When the semester began I was surprised that we started with all this talk about research and observation and insight and reflection. I figured we were just establishing the fundamentals, and that it all would blow over soon and we would finally begin designing things.
As weeks became months, however, and we were still talking about cores and processes, I became incredibly frustrated. I felt dead inside. I was ready to leave the program, this stupid program that has design in its name, where you don’t even design anything. Two months in, not a breath has been wasted on interface design patterns, or user interface elements, or Fitt’s Law, or anything else that one thinks would be covered in a human-computer interaction design program. In fact, one of our courses this semester is an exercise in socratic philosophy, more than anything else.
So where is the design?
All this nonsense, I thought. The sooner we could get this procedural garbage over and done with, the sooner we could get to the good stuff. The sooner we could start designing.
Just recently it all began falling into place in my head. I realized that my conceptualization of design, while perhaps decently sophisticated, was terribly narrow in scope, and included only about the final ten percent of the process. I was familiar with the principles that govern the construction of a design once an idea has been established, but I knew nothing of how to reach that idea.
All this nonsense we have been doing, it is far from nonsense. This is design. Indeed, 90 percent of the design process is informing your final design argument, and yet I was only familiar with that final ten percent. Without a good design strategy, you’ll certainly be able to rush into a design and start building something sooner, but it’s ultimately going to be a weak design with a weak argument. Design is a marathon, and in my hubris I thought I could take a taxi to within 500 feet of the finish line and still claim a fair victory.

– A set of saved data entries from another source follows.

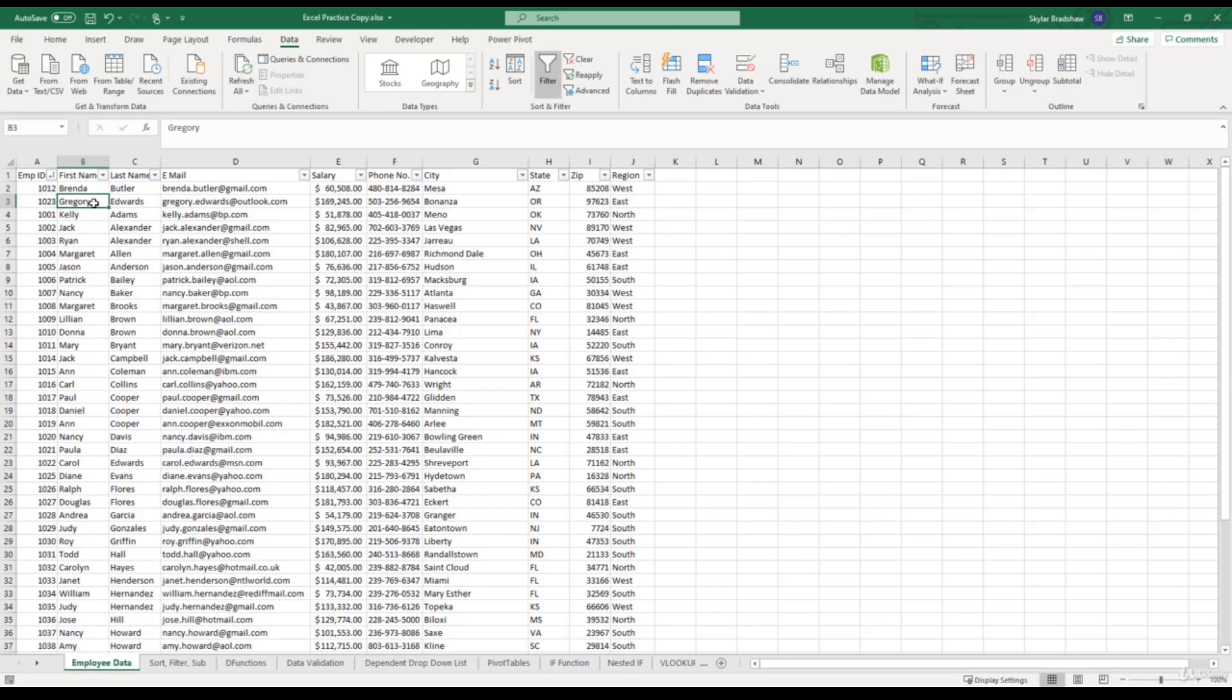So even though removing duplicate values in Excel is fairly easy and provides a more accurate report, we have to be cautious and make sure we are deleting the correct duplicate values. Because if we accidentally remove the wrong duplicates, that could lead to an inaccurate report as well.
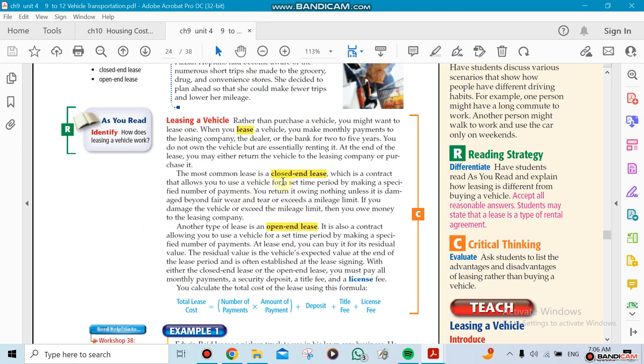There's something called closed-end lease and open-end lease. A closed-end lease is when you lease the car and then you decide to return it after, let's say, a couple of years. Now an open-end lease, you have an option of buying the car.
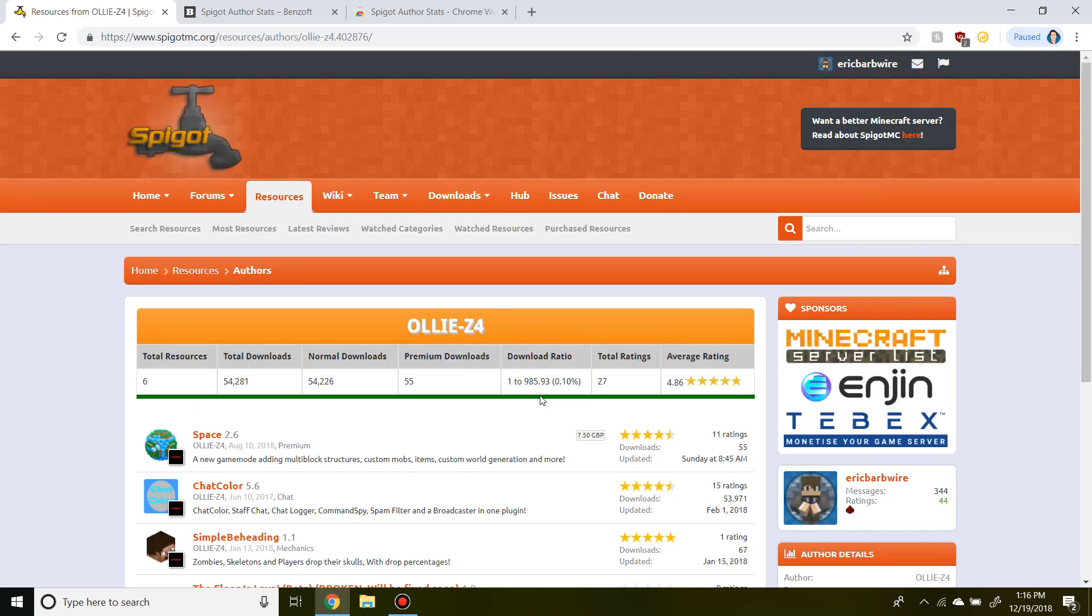So yeah, the link to this extension will be down in the description below. Thanks for watching. Also, if you're looking for a Minecraft server, feel free to check out BarberCraft. That's my own Minecraft server, IP down in the description below. Thanks for watching, and I'll see you guys later. Peace.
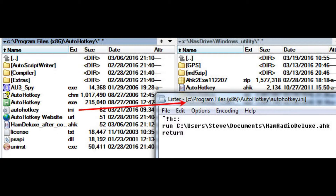In this case, I've assigned Alt-Control-H to run that macro. Hope this helps.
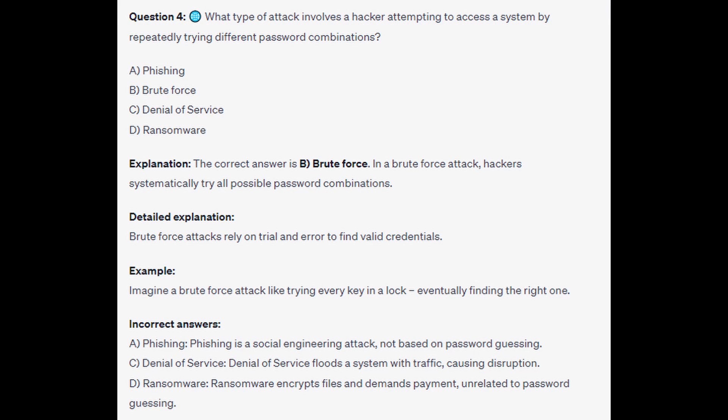The correct answer is B, Brute Force. In a brute force attack, hackers systematically try all possible password combinations. Brute force attacks rely on trial and error to find valid credentials. Imagine a brute force attack like trying every key in a lock, eventually finding the right one.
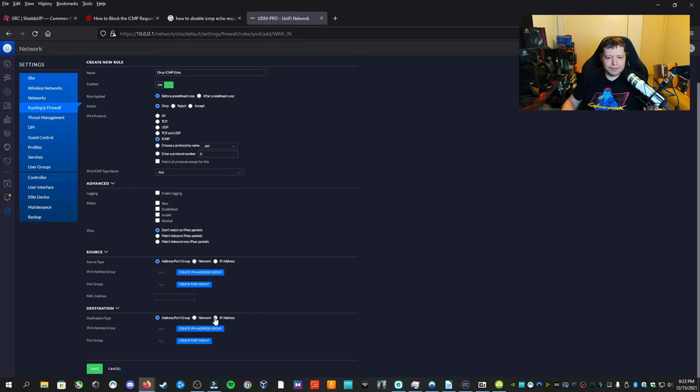And destination, we're going to do any address port group. So it's going to drop everything. Then we'll save it. And now I have drop ICMP echo and the reason that we selected drop instead of reject or accept was because obviously we don't want to accept the communication because it's already doing that.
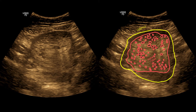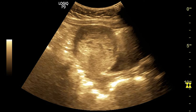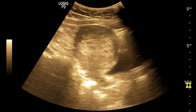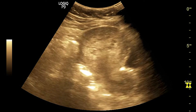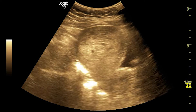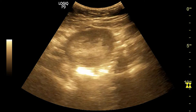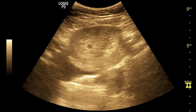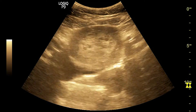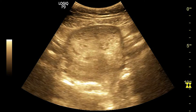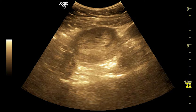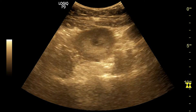Now let's check in real time. This is the longitudinal cut, and this is the transverse cut. You can see the partially filled bladder. No definite fetal pole is seen. The molar tissue has completely filled the uterine cavity.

This program is obsessed with the process, and not the final product, because the process will ultimately inform everything we will ever design. Ever. If we do not understand these fundamentals, if we have not been immersed in the design process, and if we are not able to abstract these procedures and apply them in different contexts, the world owes us nothing.

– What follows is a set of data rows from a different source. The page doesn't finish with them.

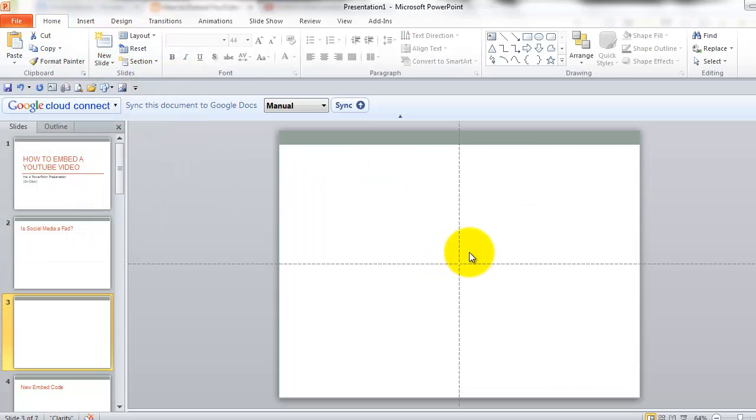I'm going to add a video here from YouTube. Now this used to be an easy process but there have been some little problems I think between YouTube and Microsoft because it doesn't work unless you make a correction, so let me show you how you do this.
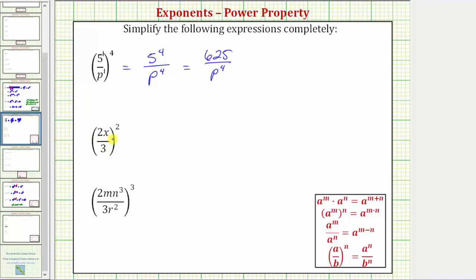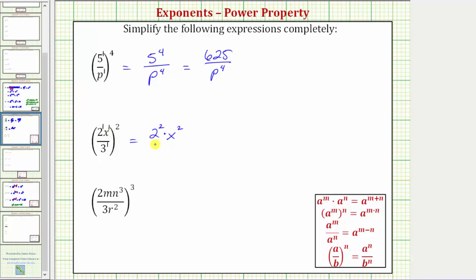Looking at the next expression, we have the fraction two x over three squared, or two x over three raised to the second power. We need to square both the numerator and the denominator. We can think of two x as two to the first times x to the first, and three as three to the first. In this form, we have powers raised to powers, so we multiply the exponents. This expression equals two raised to one times two — which is two — times x raised to one times two — which is two — all over three raised to one times two, which is also two. Two squared equals four, so this simplifies to four x squared all over three squared. Three squared equals nine.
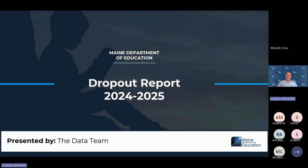Today we are talking about the dropout report for the 2024-2025. My name is Alexandra Cookson. I am the data quality trainer with the Maine Department of Education data team, and my role is to help you navigate Synergy and NEO. Feel free to reach out to me at alexandra.cookson@maine.gov or call 207-446-3897.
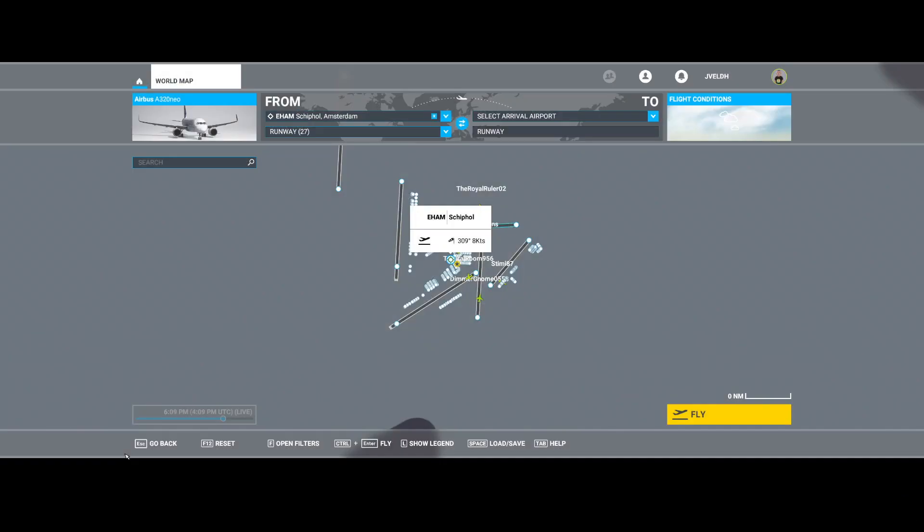Welcome to this new how-to. In this how-to, I will show you how you can fix a specific issue with the airports. As you can see on the world map, you can select an airport.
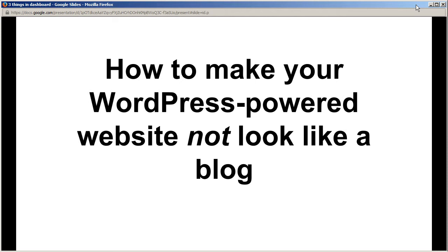Hello. Here's a quick guide in which I will show you how to make your WordPress-powered website look like a website and not like a blog.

I sincerely believe that this program addresses one of the most important things being undertaken in the world right now. This is a complete reconceptualization of what it means to create anything, from products to systems to policies. If humans are to exist in their current capacity for another hundred years, we need to begin informing our actions with deliberate design-based thinking.
Everything is a design problem.
We are learning a mental and procedural framework that will guide the values we hold, and the design decisions we make, for the rest of our lives. That is why this is hard, and that is why this is important.